This is a continuation of a series of posts on the Sony a7RIII. You should be able to find all the posts about that camera in the Category List on the right sidebar, below the Articles widget. There’s a drop-down menu there that you can use to get to all the posts in this series.
In the previous post, I showed you how the read noise of the Sony a7RIII varies with ISO setting in various shutter and file modes. The read noise also varies with exposure time in ways that are not obvious to those inexperienced with the alpha seven camera line.
Here is how the read noise (RN) varies with exposure time for single shot (SS) shutter mode, electronic first curtain shutter (EFCS), with ISO set to 1000.
The vertical axis is 14-bit counts, also known as data numbers, or raw data.
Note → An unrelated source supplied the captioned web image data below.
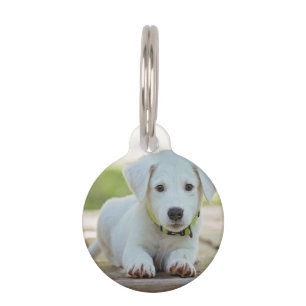 Placa Para Mascotas Foto Mascota personalizada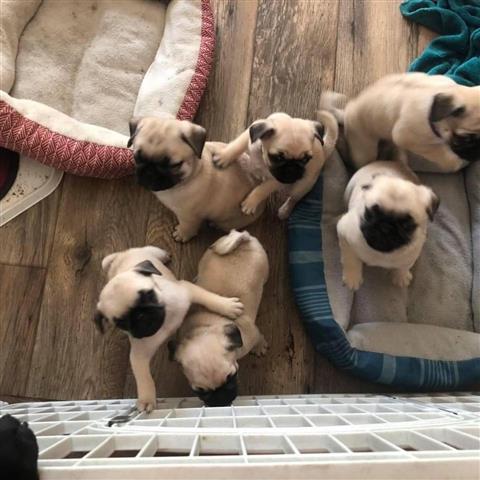 $500 : Beautiful Pug puppies image 1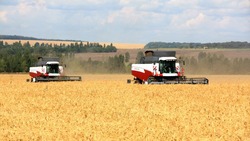 Белгородские аграрии собрали больше 1 млн тонн зерна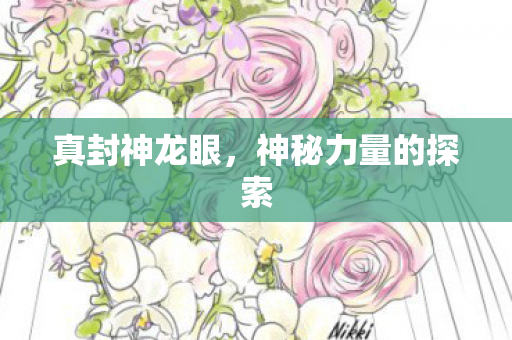 神秘力量的探索图片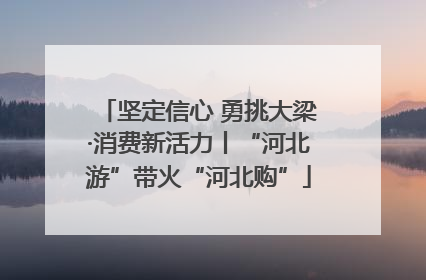 坚定信心 勇挑大梁·消费新活力丨“河北游”带火“河北购”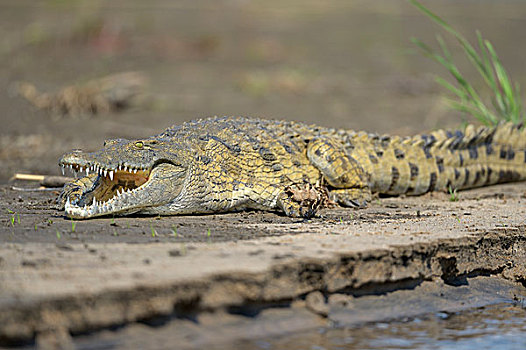 尼罗鳄,躺着,岸边,日光浴,赞比西河,赞比西河下游国家公园,赞比亚,非洲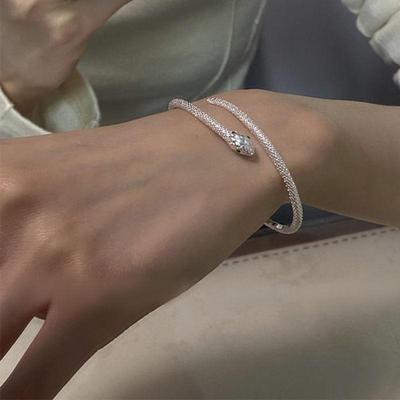 Slim Silver Snake Bracelet - Women's Trendy Hip-Hop Light Luxury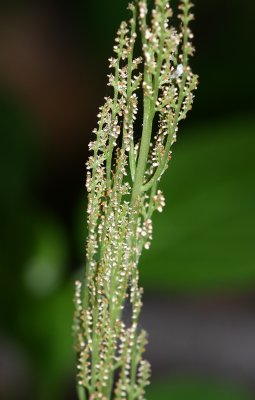 Rattlesnake Fern (Botrychium virginianum)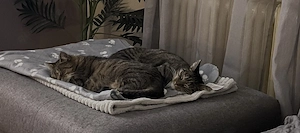 Liebevolles Zuhause für Katzen Duo gesucht.  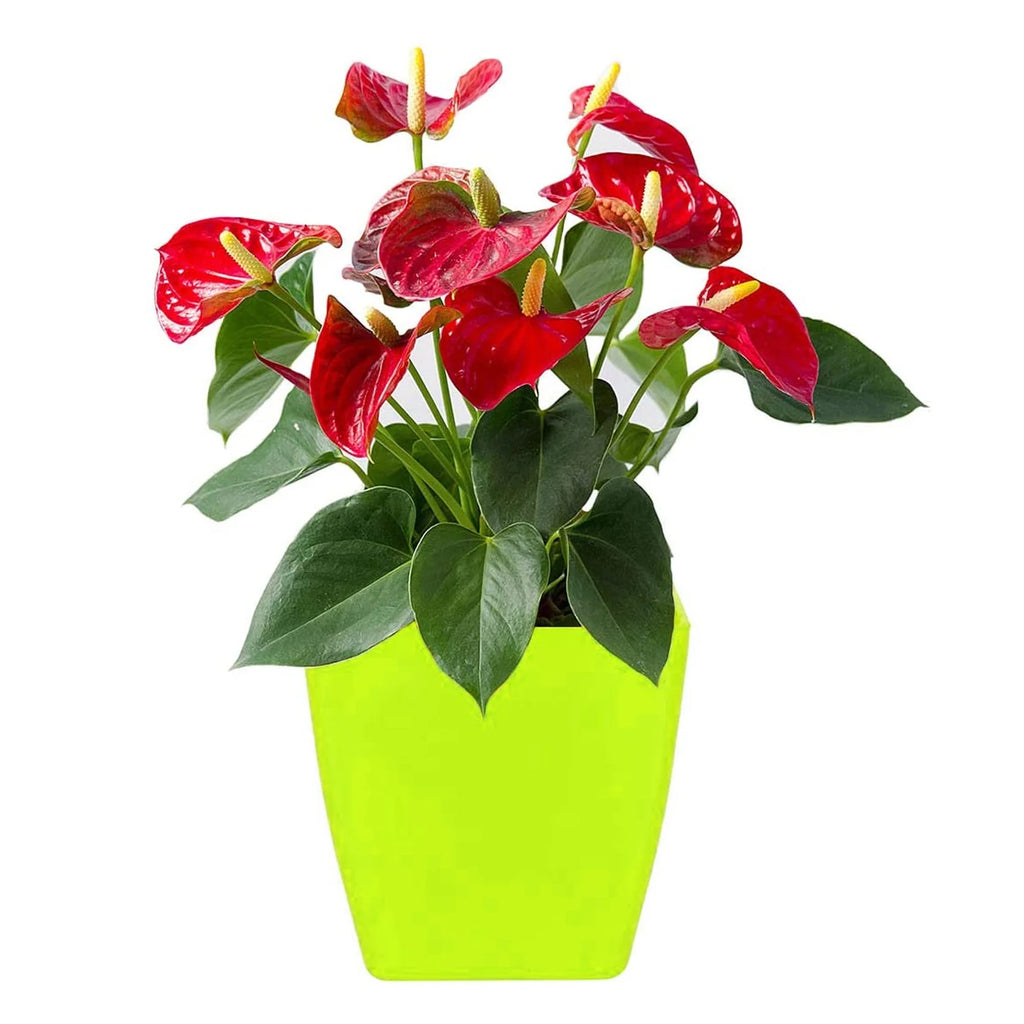 Flower Pots Square Shape – Colourful Plastic Indoor & Outdoor Gardening Planters with Tray – Durable & Drainable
In the previous post, we looked at the inverse of RN, engineering dynamic range (EDR). Let’s do that for this data:
The reason the EDR, in general, gets worse as the exposure time gets longer is an effect called dark current. The pixels in the sensor are back-biased photodiodes, which ideally have no leakage. But in engineering, things are never ideal, and these components leak. What’s worse is they leak differently at different pixels, so there’s no way to sort out after the exposure what part of the charge left on the photodiode is due to light hitting it, and what part is merely leakage. At fast shutter speeds, the leakage is inconsequential, but as the integration time increases, it becomes something to worry about.
Sony plays some games to disguise the effect of the dark current. The most pronounced occurs at exposures of 4 seconds and longer, and it is caused by a type of median filter known to its detractors as the star-eater filter. If you go to the Category List in the right-hand sidebar and look for a7RIII posts, you’ll see a lot about this effect. In the above plots, it also appears that there is something going on as the shutter speed is changed from 0.8 seconds to 1 second. It doesn’t look nearly as significant as the processing the starts at 4 seconds, but I’ll take a look at it and see what I can find.